Write out again, unchanged, the line that has "Cozy studio with a balcony and sea view" and each following line through the end of the entries below; leave pictures out.

(Beginning of DATA SECTION)

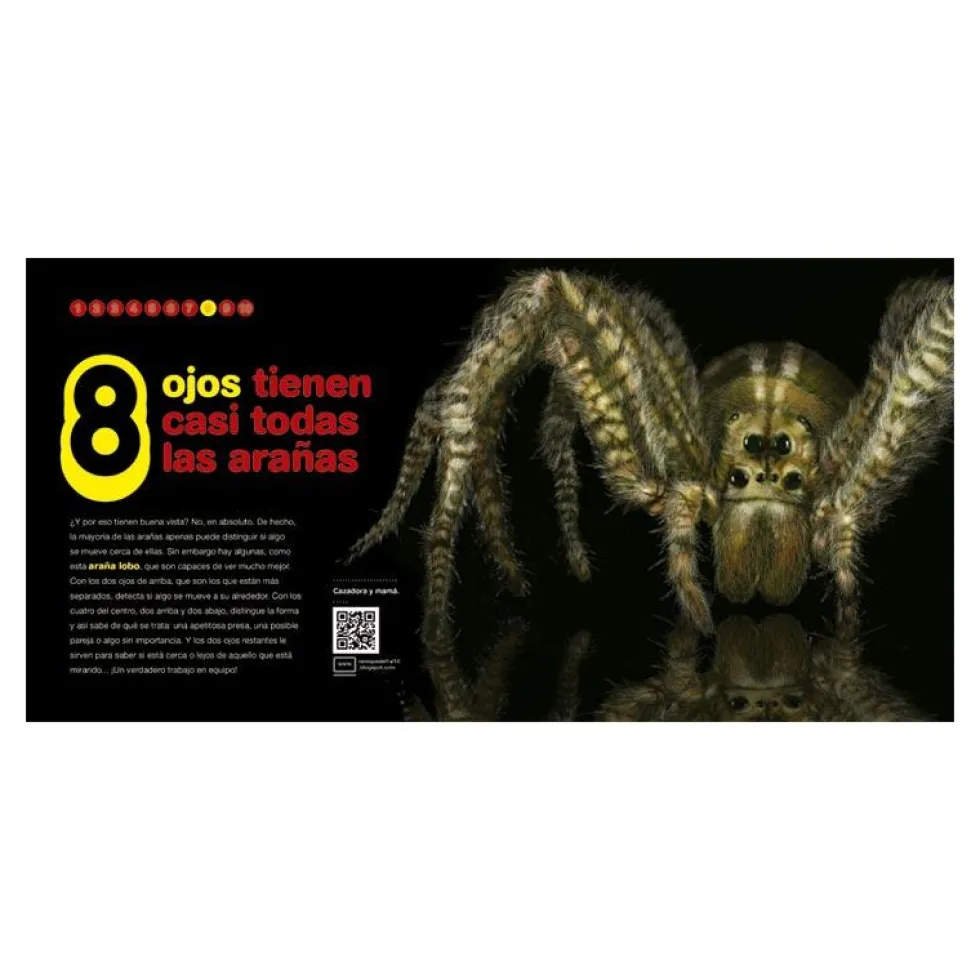 Bichos del 1 al 10
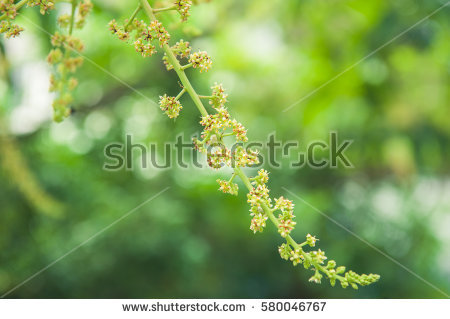 Mango Flowers Stock Images, Royalty.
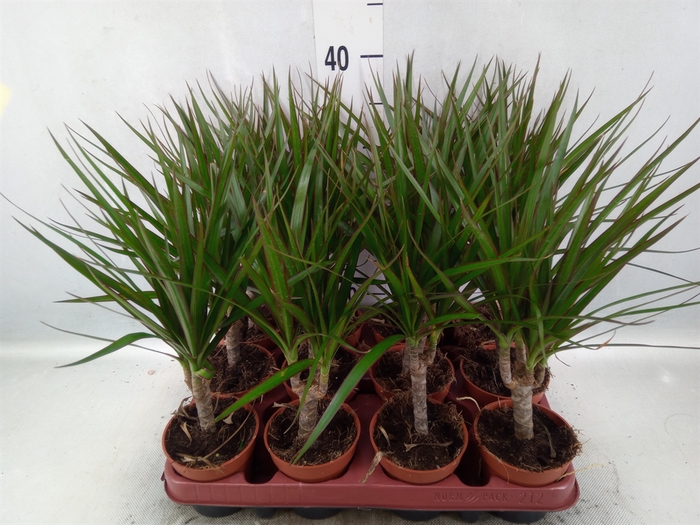 <h4>Dracaena marg.</h4>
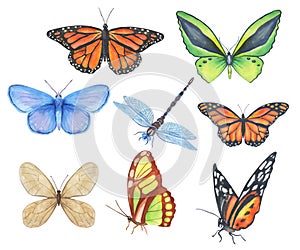 Set of watercolor butterflies and dragonfly isolated on white background. Bright green, blue, orange monarch butterfly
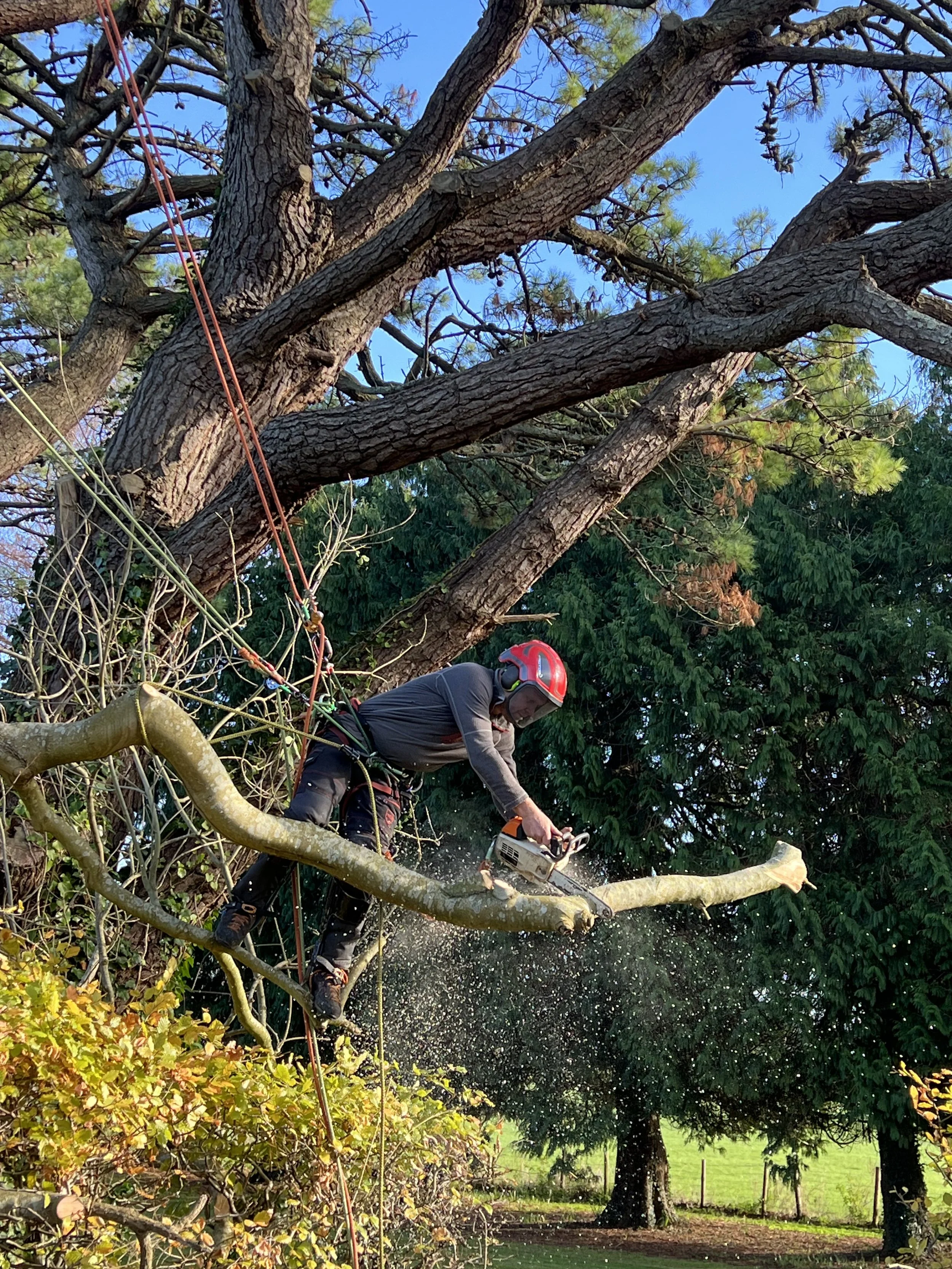 A person wearing a green helmet and safety harness is climbing a tall tree with a chainsaw, cutting branches on a sunny day.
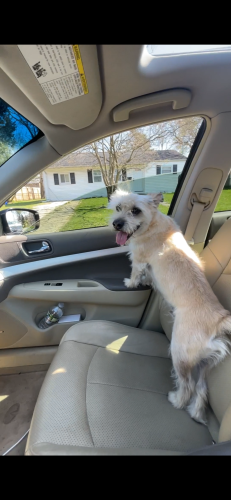 Lost Male Dog last seen suffolk ave, pine air , Brentwood, NY 11717
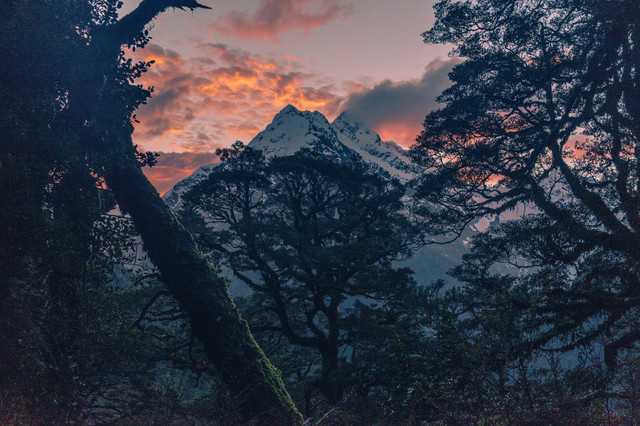 Bjerge i solnedgang i New Zealand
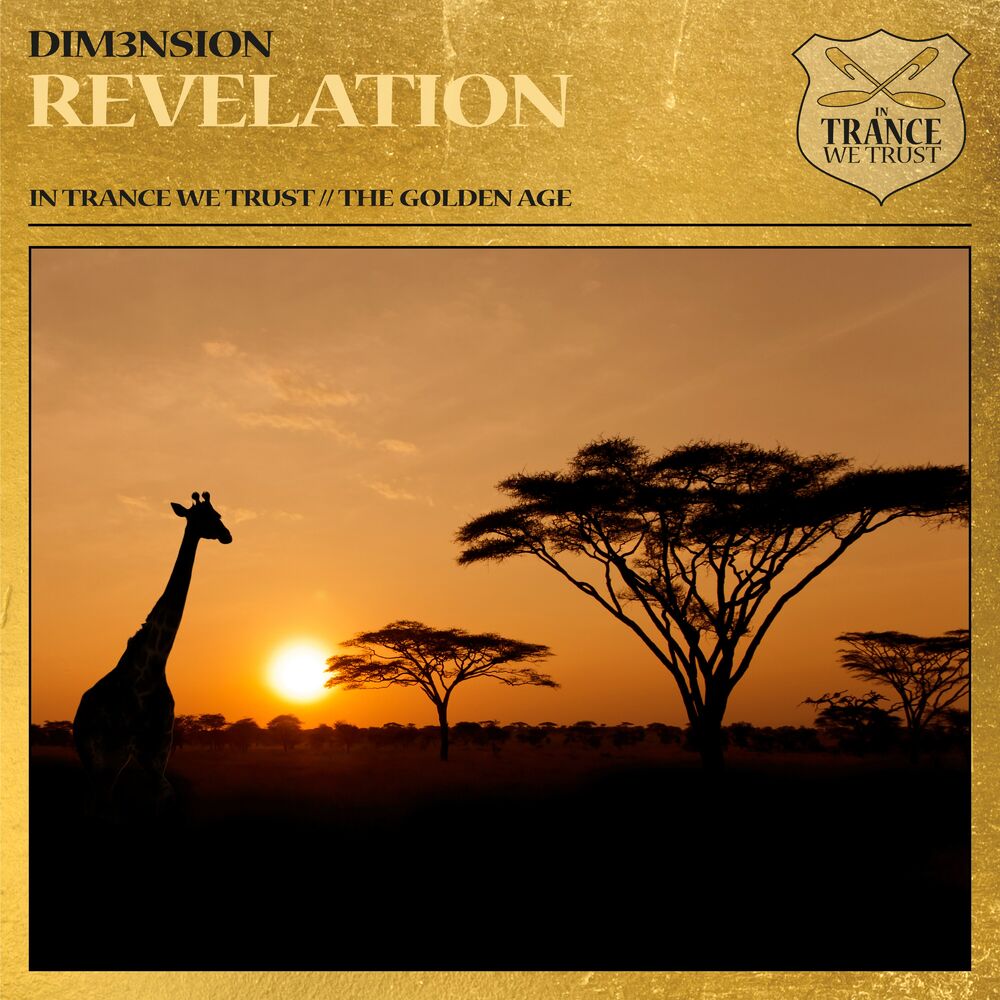 Picture of DIM3NSION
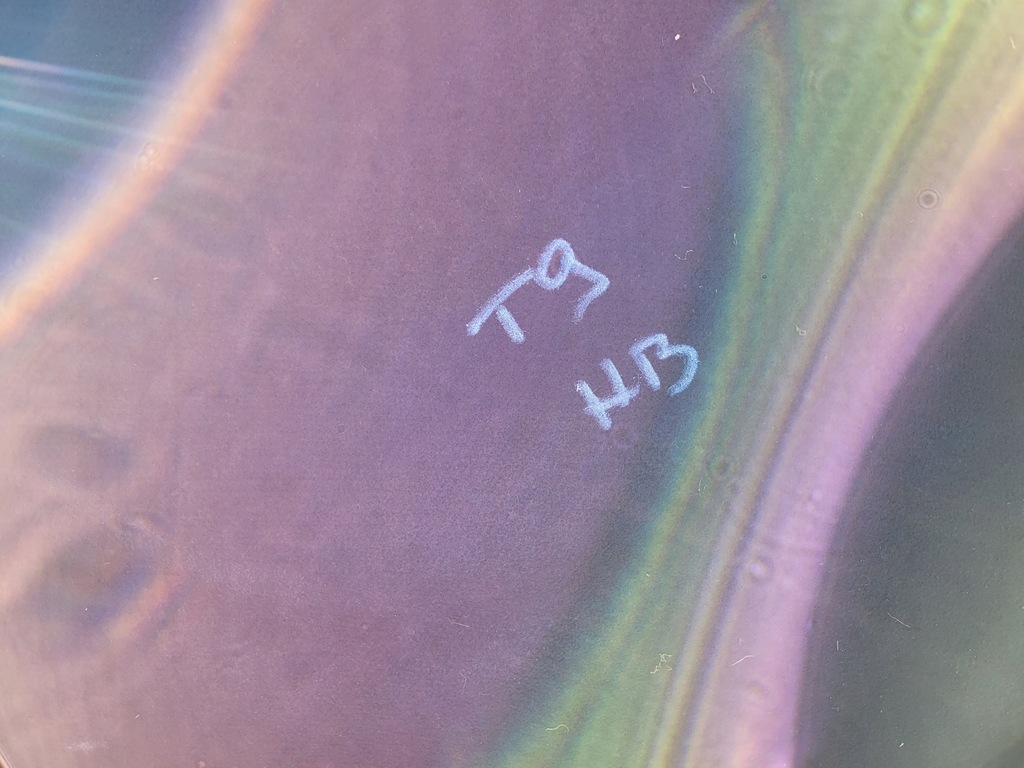 фото №6, Килимок багажника задня peugeot 308 t9 ii hb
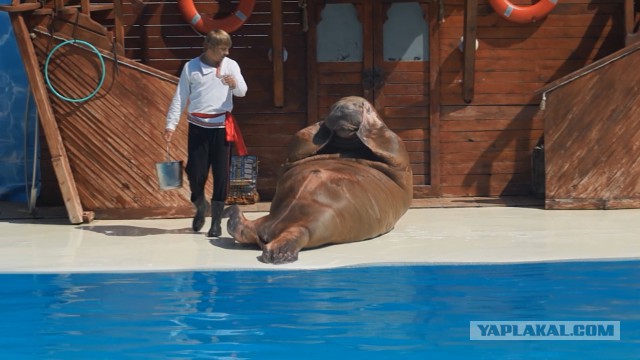 Неожиданно в дельфинарии 18+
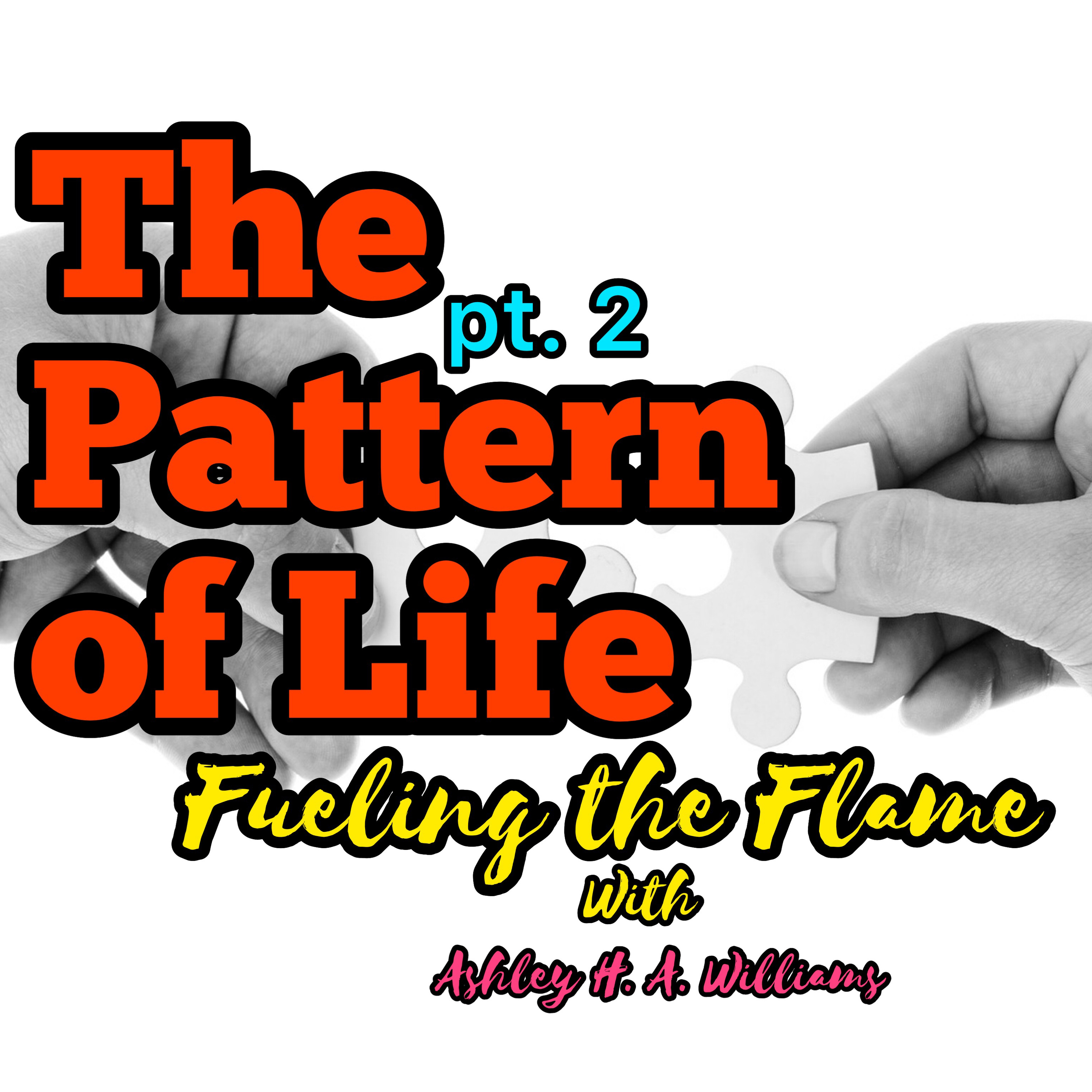 02 B- Fueling the Flame "The Pattern of Life" episode artwork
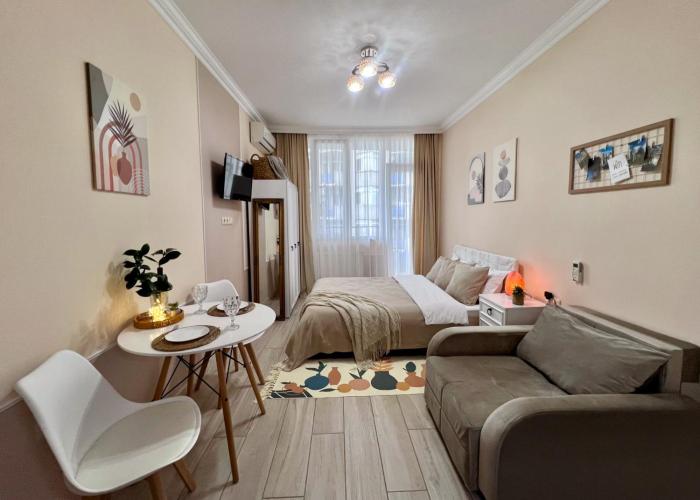 Cozy studio with a balcony and sea view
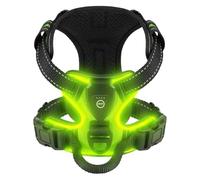 Genérico Led Luminous Dog Harness No Pull Adjustable Rechargeable Pet Vest Small Medium Large Dogs Outdoor Walking Supplies(Green,S)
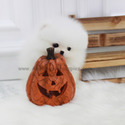 Mini Teacup Pomeranian Puppies For Sale - Angel - a Pomeranian puppy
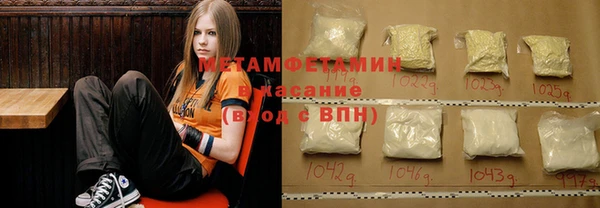 индика Козловка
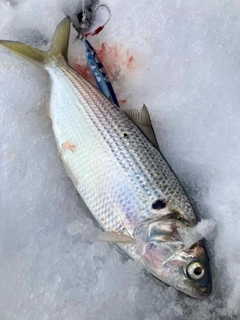 コノシロの釣果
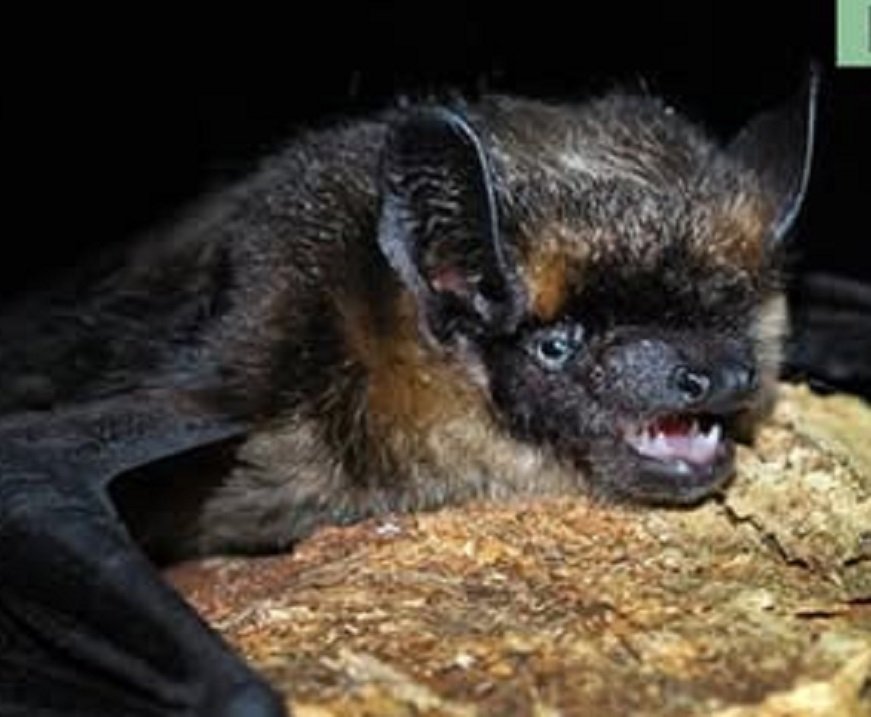 Il Parco studia i pipistrelli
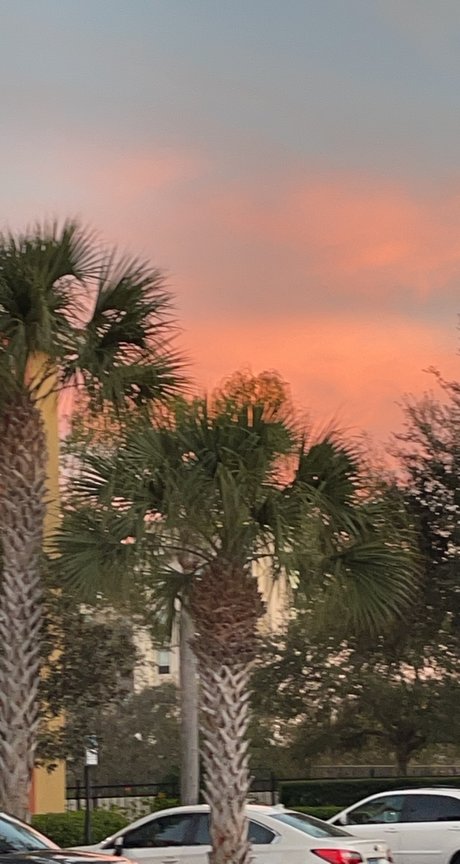 Mandi Yates naked actress img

(End of DATA SECTION)

* [RESPONSE FOR THIS EXERCISE]:
 Cozy studio with a balcony and sea view
 Genérico Led Luminous Dog Harness No Pull Adjustable Rechargeable Pet Vest Small Medium Large Dogs Outdoor Walking Supplies(Green,S)
 Mini Teacup Pomeranian Puppies For Sale - Angel - a Pomeranian puppy
 индика Козловка
 コノシロの釣果
 Il Parco studia i pipistrelli
 Mandi Yates naked actress img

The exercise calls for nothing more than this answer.